__PROBLEM REQUIREMENTS__. Please repeat, exactly and without pictures, the lines of the entries below that run from the one containing "Vibrant Plaid Men's" through the one containing "Operation Cyclone Afghanistan".

[Short web captions]

=====

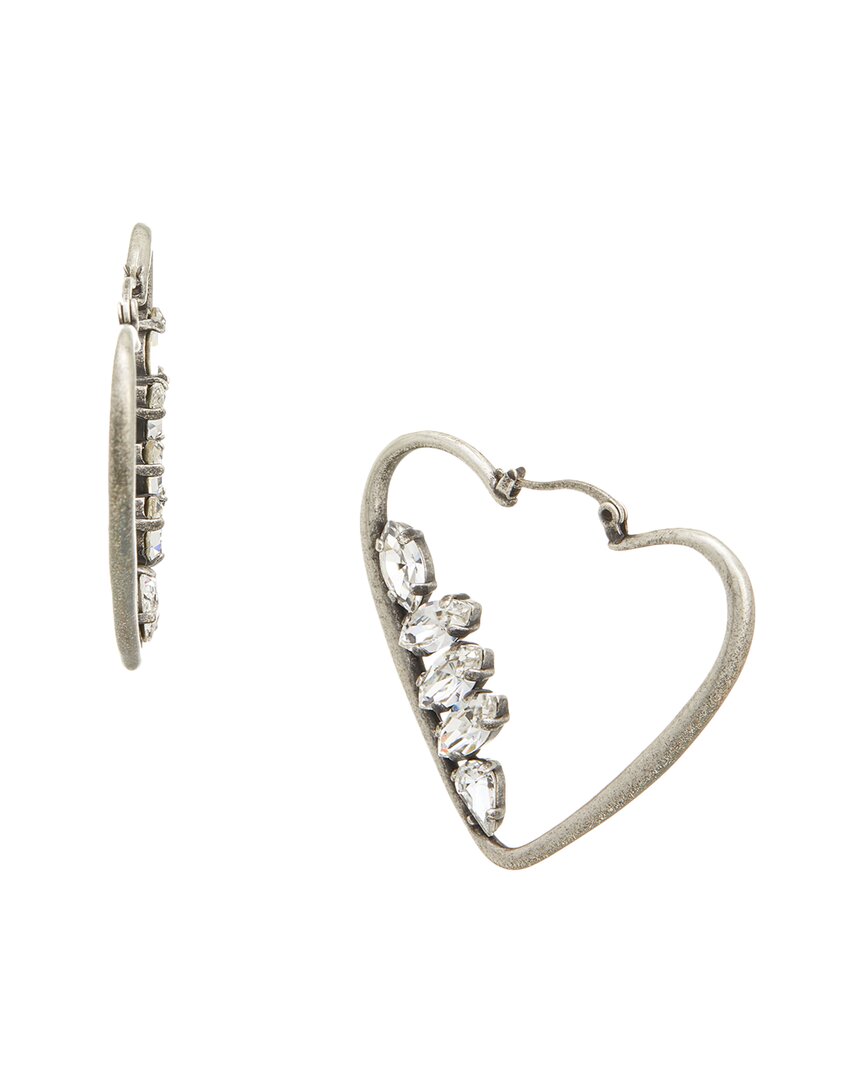 Saint Laurent Dnu Inv  Logo Crystal Earrings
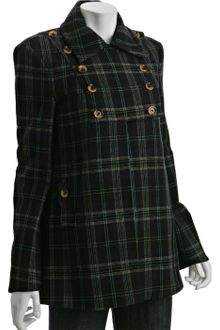 French Connection Navy Cotton-wool Check Ria Double Breasted Coat - Lyst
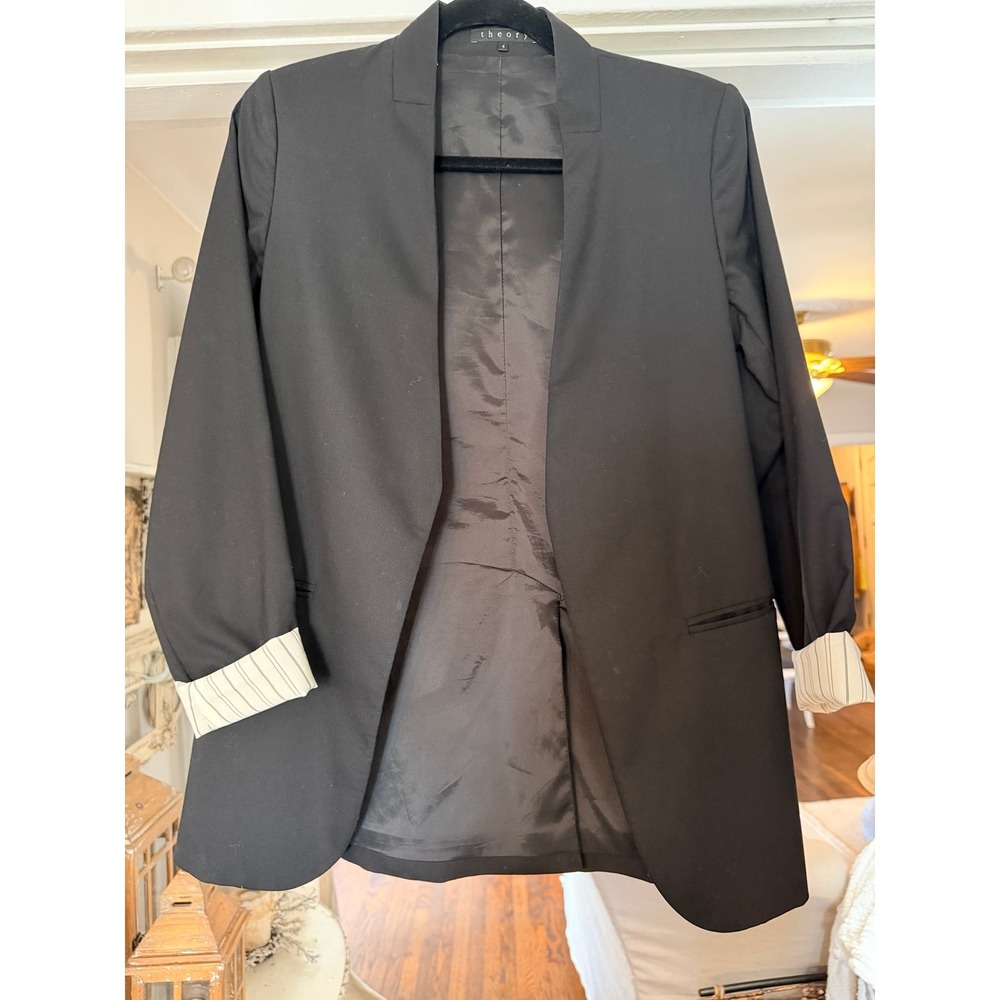 Theory Long Blazer Women Size 4 Black Good Wool Open Front Pinstripe Cuff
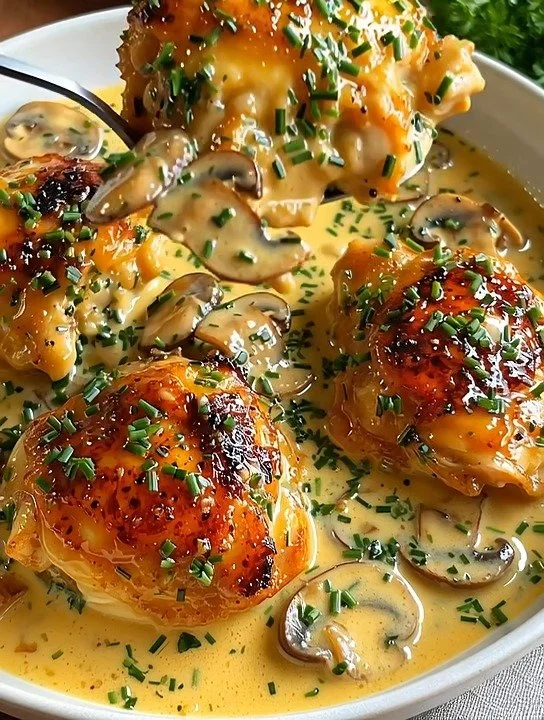 Irisches Hähnchen in Whiskey-Sahnesauce auf einem Teller serviert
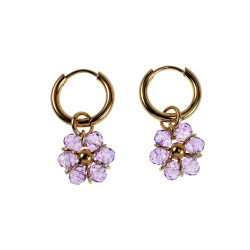 ∅14mm Verguld RVS Oorbellen Paarse Gefacetteerde Kristallen Bloemhanger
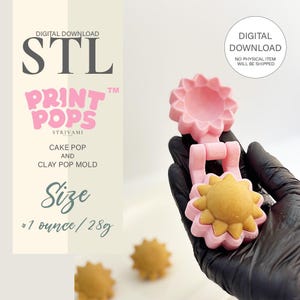 3D Sun Cake Pop Mold STL File - Digital Download | Print Pops™ | STL Cake Pop Mold, Digital Cake Pop Mold, 3D Mold Digital, Sun Cake Pop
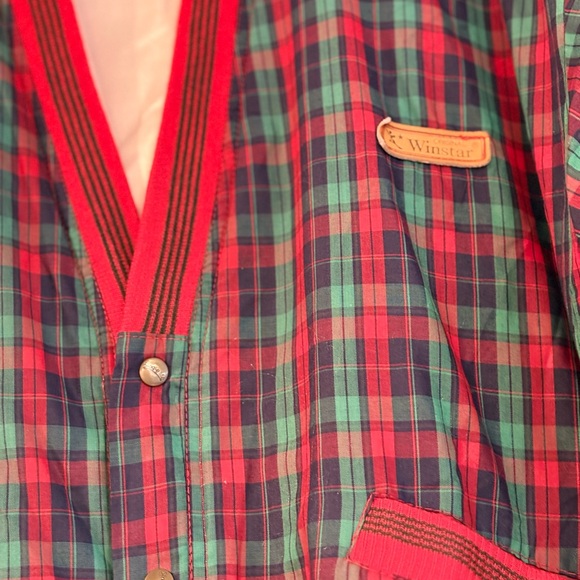 Vibrant Plaid Men's Jacket with Red Accents - Picture 3 of 3
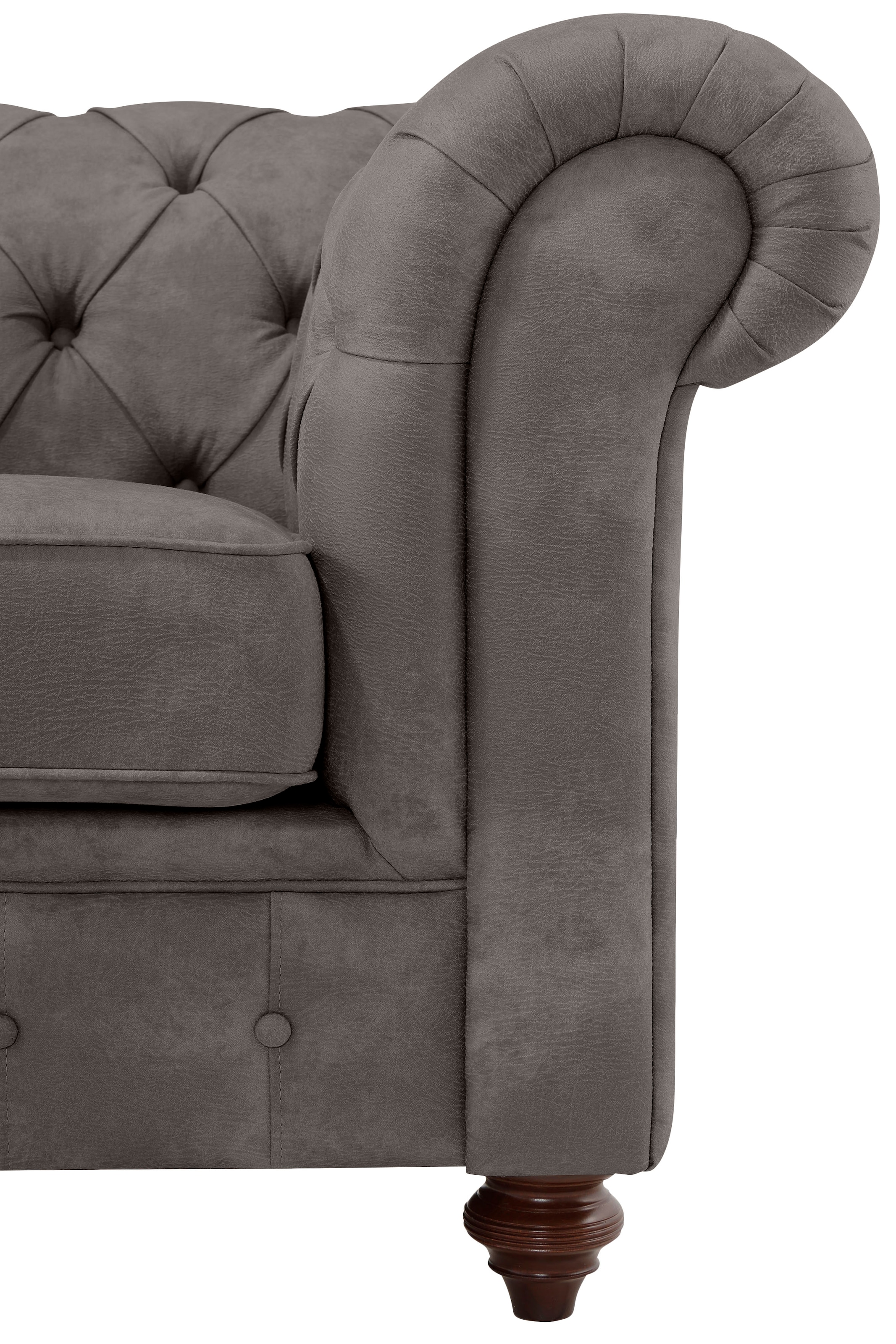 Home affaire Sessel »Chesterfield B/T/H: 105/69/74 cm«, mit hochwertiger Knopfheftung, auch in Leder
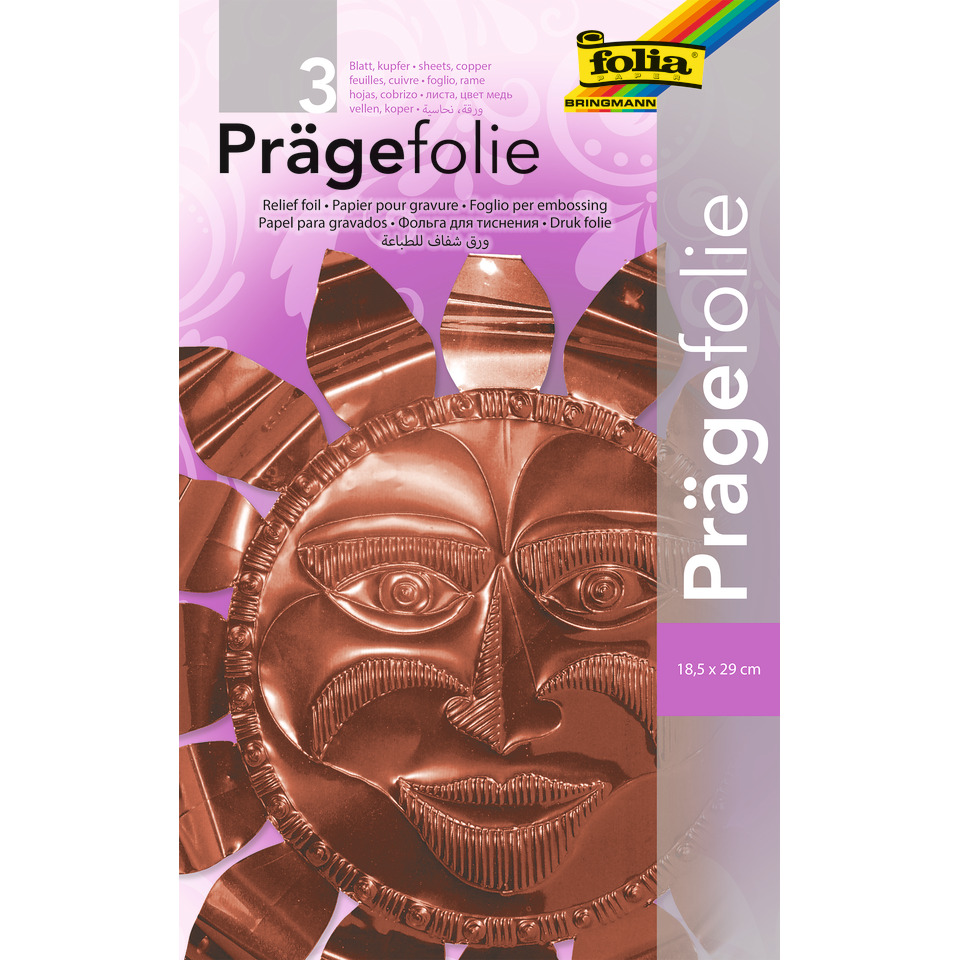Prägefolie Mappe - 19 x 30 cm, kupfer, 3 Blatt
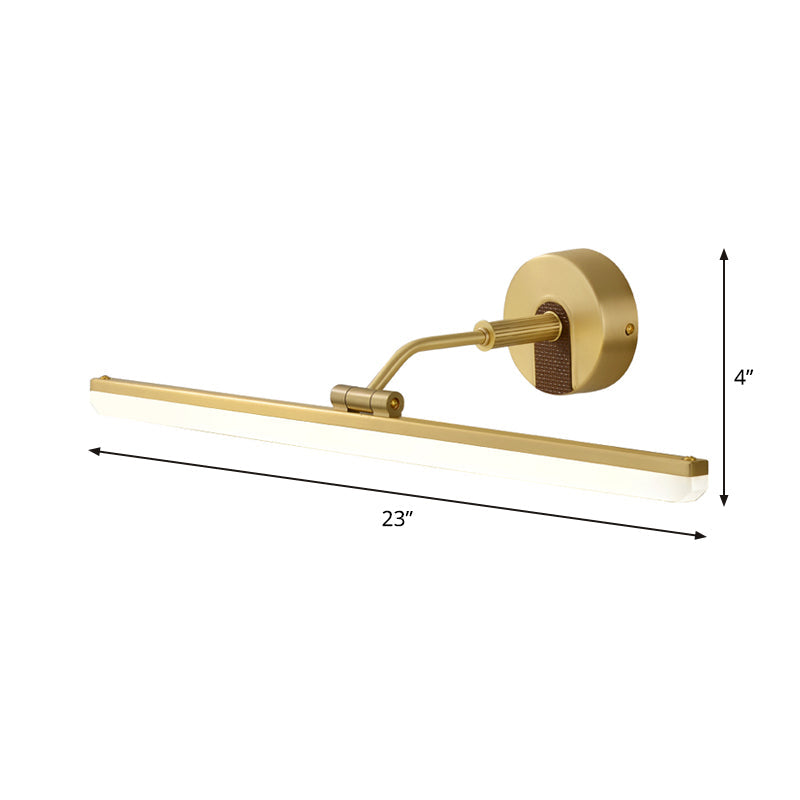 LED Bathroom Wall Sconce Minimal Gold Adjustable Vanity Light Fixture with Linear Acrylic Shade Clearhalo 'Cast Iron' 'Glass' 'Industrial' 'Modern wall lights' 'Modern' 'Tiffany' 'Traditional wall lights' 'Vanity Lights' 'Wall Lights' Lighting' 1866764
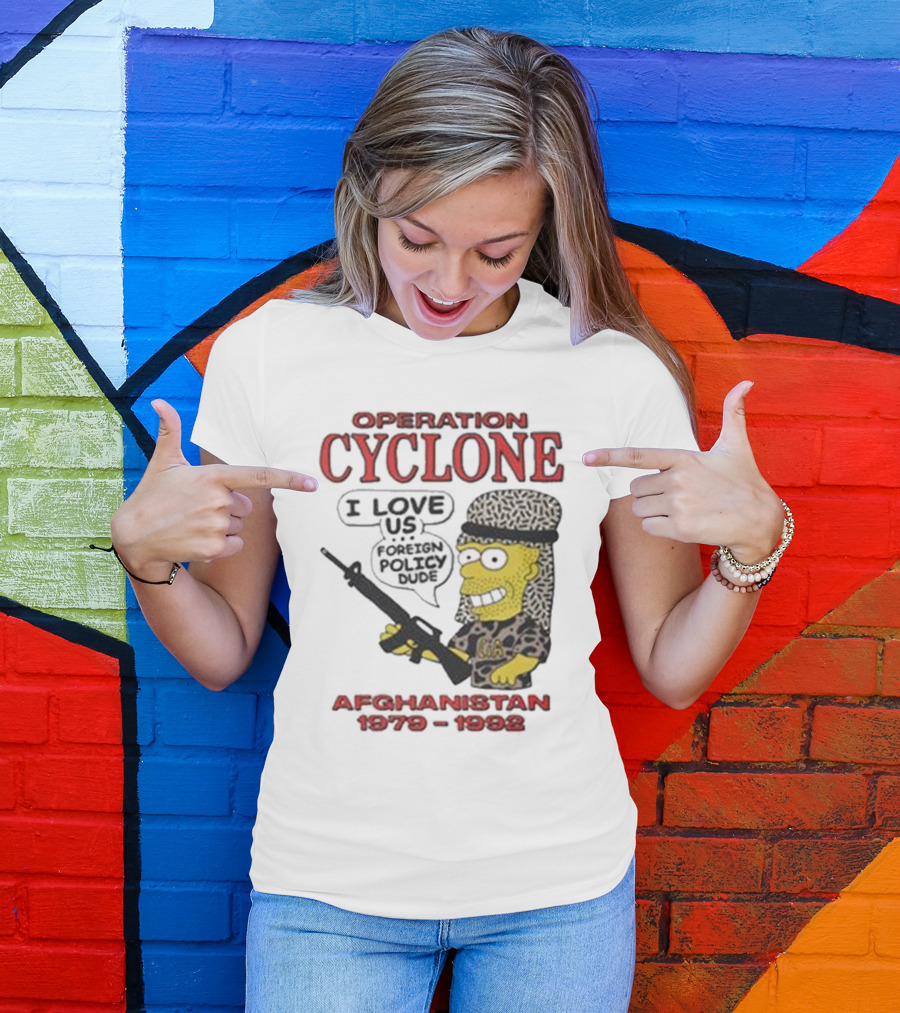 Operation Cyclone Afghanistan 1979-1989 Cartoon Character With Gun T-Shirt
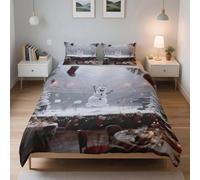 LinQton Set di biancheria da letto Merry Christmas, 3 pezzi, copripiumino natalizio con fiocco di neve, tema invernale, con 2 federe, decorazione per la stanza, a tema natalizio rosso e verde, regalo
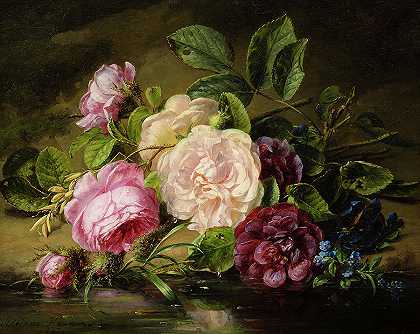 河岸上玫瑰的静物画`A Still life of Roses on a River Bank by Adriana Johanna Haanen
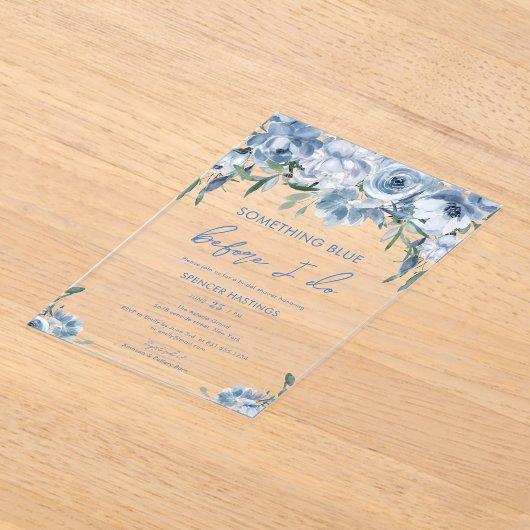 Etwas Blau, bevor ich florales Brautparty mache Acryleinladungen (Ablage )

=====

__ANSWER SPACE__.
 Vibrant Plaid Men's Jacket with Red Accents - Picture 3 of 3
 Home affaire Sessel »Chesterfield B/T/H: 105/69/74 cm«, mit hochwertiger Knopfheftung, auch in Leder
Prägefolie Mappe - 19 x 30 cm, kupfer, 3 Blatt
 LED Bathroom Wall Sconce Minimal Gold Adjustable Vanity Light Fixture with Linear Acrylic Shade Clearhalo 'Cast Iron' 'Glass' 'Industrial' 'Modern wall lights' 'Modern' 'Tiffany' 'Traditional wall lights' 'Vanity Lights' 'Wall Lights' Lighting' 1866764
 Operation Cyclone Afghanistan 1979-1989 Cartoon Character With Gun T-Shirt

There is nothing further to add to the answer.